Ele continuava a série
de golpes abaixo da linha da cintura. Mas eu também podia ser má: o seu Dodô!
“Mas os (marinheiros) europeus comeram todos os (pássaros) dodôs no século 17.
O meu é o último!”, disse ele, maduro. Pois então. É além de tudo educativo. A
Paula (a mãe do João Bolota) vai adorar explicar toda a destruição, genocídios,
etnocídios e dodocídios envolvidos no processo colonial. É perfeito! Ele não
achava. Aos 44 anos, estava agarrado ao dodô. “E o seu tiranossauro rex?” Meu
olhar cheio de dentes o desestimulou a continuar. Cinco minutos mais tarde,
estávamos um diante do outro no meio da sala de casa, em posição de duelo, eu
com uma miniatura do Freud na mão, ele brandindo o menir do Obelix.
Caímos em nós. E no
ridículo. Havíamos falhado miseravelmente no quesito desapego. Não estávamos
preparados para nos descolarmos da infância.
Envergonhados, mas bem
menos do que deveríamos, partimos em busca de alternativas que não traíssem a
proposta dos pais do João Bolota, que era a de estimular a troca, a doação e o
desapego. Em nosso atual estágio, estávamos de fato em busca do desapego
alheio, o que nos levou a estacionar nossos pés diante da banca da feira
especializada em brinquedos usados. “Não é usado, é vintage”, ele disse, me
corrigindo todo animado. Sim, sim, muito mais chique. A verdade era que
sabíamos muito bem que ali não havia nada de desapego. Por trás daqueles
brinquedos de outros tempos em geral há um adulto em crise financeira ou um
adulto que já não vê mais sentido em um monstrinho verde, agora reduzido à mera
mercadoria, o que em qualquer caso é um pouco triste.
Acompanhei de perto
esse percurso. Dois anos atrás, um amigo desempregado precisou vender suas
recordações da infância, as que tinha guardado para um filho que não veio, para
um desses adultos enigmáticos, mezzo encantadores, mezzo perversos, que compram
o brinquedo dos outros para revender. Guardou para si apenas um helicóptero,
bastante valorizado nesse mercado, que tinha um defeito numa hélice. O comprador
sugeriu que trouxesse o helicóptero que ele o consertaria, mas meu amigo
interpretou a oferta como um plano maligno para tomar-lhe o brinquedo.
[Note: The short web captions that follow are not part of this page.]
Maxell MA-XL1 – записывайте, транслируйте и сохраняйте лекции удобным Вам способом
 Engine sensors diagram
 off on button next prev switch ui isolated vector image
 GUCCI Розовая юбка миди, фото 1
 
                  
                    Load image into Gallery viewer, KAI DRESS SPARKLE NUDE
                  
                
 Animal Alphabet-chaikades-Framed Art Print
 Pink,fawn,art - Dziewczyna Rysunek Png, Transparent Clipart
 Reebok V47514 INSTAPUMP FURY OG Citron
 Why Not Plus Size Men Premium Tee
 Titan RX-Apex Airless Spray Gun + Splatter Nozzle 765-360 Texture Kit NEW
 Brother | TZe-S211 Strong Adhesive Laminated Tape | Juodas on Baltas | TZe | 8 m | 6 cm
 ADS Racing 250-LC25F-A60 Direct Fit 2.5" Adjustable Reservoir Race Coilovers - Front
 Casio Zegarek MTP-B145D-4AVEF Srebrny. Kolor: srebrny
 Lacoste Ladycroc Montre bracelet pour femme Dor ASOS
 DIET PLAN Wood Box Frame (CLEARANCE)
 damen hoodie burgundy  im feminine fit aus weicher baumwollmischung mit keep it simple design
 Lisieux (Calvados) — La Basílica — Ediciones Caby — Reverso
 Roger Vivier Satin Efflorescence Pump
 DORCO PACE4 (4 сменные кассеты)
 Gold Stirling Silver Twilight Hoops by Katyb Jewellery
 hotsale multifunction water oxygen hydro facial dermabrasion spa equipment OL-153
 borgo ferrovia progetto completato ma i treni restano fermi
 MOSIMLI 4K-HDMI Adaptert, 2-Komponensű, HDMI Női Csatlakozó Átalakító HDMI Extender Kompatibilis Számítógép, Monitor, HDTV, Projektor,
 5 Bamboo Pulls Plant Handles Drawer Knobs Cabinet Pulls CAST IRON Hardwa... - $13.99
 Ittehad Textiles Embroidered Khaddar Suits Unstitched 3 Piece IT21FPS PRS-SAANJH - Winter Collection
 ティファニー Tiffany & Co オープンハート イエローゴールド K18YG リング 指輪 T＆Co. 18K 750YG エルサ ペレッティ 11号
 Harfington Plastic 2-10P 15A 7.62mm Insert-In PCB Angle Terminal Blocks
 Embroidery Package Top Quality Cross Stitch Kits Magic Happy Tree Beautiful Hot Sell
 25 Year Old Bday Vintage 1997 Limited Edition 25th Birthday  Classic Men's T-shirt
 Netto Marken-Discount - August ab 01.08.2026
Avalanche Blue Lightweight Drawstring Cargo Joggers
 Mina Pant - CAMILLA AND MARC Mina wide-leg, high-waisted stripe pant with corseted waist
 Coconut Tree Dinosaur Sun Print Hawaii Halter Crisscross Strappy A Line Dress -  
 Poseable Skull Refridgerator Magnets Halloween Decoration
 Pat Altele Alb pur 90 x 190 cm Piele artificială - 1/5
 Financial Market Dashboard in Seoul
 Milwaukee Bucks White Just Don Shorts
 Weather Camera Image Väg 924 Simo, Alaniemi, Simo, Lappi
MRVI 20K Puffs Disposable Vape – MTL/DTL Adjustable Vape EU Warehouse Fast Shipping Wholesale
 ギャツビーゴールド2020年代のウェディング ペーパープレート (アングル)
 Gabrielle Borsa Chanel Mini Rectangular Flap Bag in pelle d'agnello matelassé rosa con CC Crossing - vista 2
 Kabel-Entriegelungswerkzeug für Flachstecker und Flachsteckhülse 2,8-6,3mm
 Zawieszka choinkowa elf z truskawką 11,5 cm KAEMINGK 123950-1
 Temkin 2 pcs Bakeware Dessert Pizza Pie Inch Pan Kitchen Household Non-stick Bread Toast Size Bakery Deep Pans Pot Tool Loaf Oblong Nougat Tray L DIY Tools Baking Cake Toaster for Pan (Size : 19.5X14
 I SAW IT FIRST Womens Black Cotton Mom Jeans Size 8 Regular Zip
Fantasiou que o comprador tinha sido uma daquelas crianças que querem para si
todos os brinquedos do mundo e não os emprestam para ninguém. Agarrou-se ao
helicóptero como se suas memórias mais queridas morassem na minúscula cabine,
reconhecendo-se mais quebrado que a hélice.
Há talvez uma certa
crueldade envolvida no ato de comprar/vender restos da infância. Aquele que
coleciona clássicos coloca na estante também o cadáver de uma criança
desconhecida. Às vezes ele mesmo. E talvez nós, como ele, estivéssemos ali,
naquela banca ao mesmo tempo colorida e desbotada, em busca de algo que já não
pode ser recuperado.
O dono da banca comia
uma lasanha. Quanto é aquele He-Man montado num tigre vermelho?, perguntei. O
homem pareceu irritado por ter sido instado a parar de mastigar. “Uns 60 pelo
boneco, uns 50 pelo tigre”, respondeu, num grunhido. Ficamos em dúvida sobre o
potencial do presente. Para quem não havia sido criança nos anos 80, He-Man
seria apenas um loirão de sunga. Vimos, então, um Moai, aquelas estátuas
gigantescas e misteriosas da Ilha de Páscoa. Esta tinha 5 centímetros e era de
plástico bege. Com uma bateria, que não havia ali, o Moai falava. Nossa
empolgação atingiu 10 graus na escala Richter. Finalmente descobriríamos o que
um Moai poderia dizer sobre o mundo, sobre a vida, sobre sua própria
existência. Basicamente, um dos mistérios da humanidade estava prestes a se
revelar diante de nós e do modo mais improvável, como num daqueles filmes em
que tudo começa numa lojinha de quinquilharias. Se o homem da lasanha fosse um
chinês, seria um filme.
Perguntamos ao dono da
banca, que agora tinha um pedaço de queijo pronto para saltar do seu queixo
sobre uma Barbie Malibu: o que o Moai diz? E esperamos, de mãos dadas e se
apertando, a respiração suspensa. “Chiniashitsu”, eu ouvi. Já ele ouviu algo
terminado em “ão”. Discutimos um pouco, aos cochichos. Ele achava que eu tinha
ouvido o nome de um escritor de autoajuda, o que seria trágico para a
humanidade, depois de tantos séculos. Eu dizia que com certeza não era nada com
“ão”. Decidimos esclarecer. Ao olharmos para o homem, percebemos que ele
continuava comendo a lasanha, mas havia uns caninos novos na sua boca.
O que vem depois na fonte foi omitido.